• Aim of the exercise
Restate the data exactly as given and keep the pictures out.

(Source data begins)

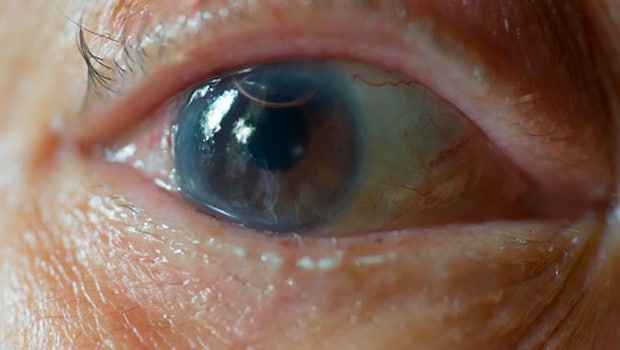 Cataracts: Watch Out For These Myths If You Wish To Get Operated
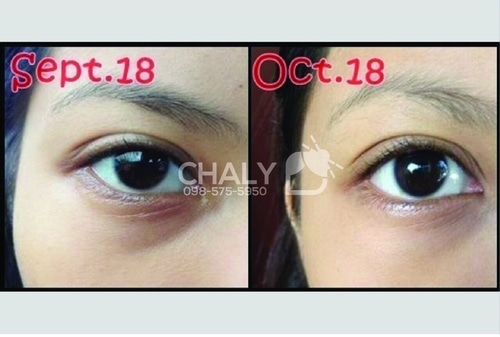 Chỉ sau 1 tháng sử dụng kem trị thâm mắt Nhật Kumargic eye cream 20g thì quầng thâm đã giảm đi đáng kể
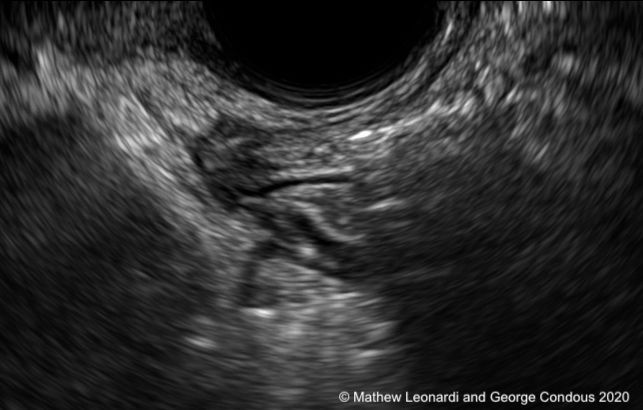 Noninvasive ultrasound diagnosis of endometriosis | Contemporary OB/GYN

(Source data ends)

• Final answer
 Cataracts: Watch Out For These Myths If You Wish To Get Operated
 Chỉ sau 1 tháng sử dụng kem trị thâm mắt Nhật Kumargic eye cream 20g thì quầng thâm đã giảm đi đáng kể
 Noninvasive ultrasound diagnosis of endometriosis | Contemporary OB/GYN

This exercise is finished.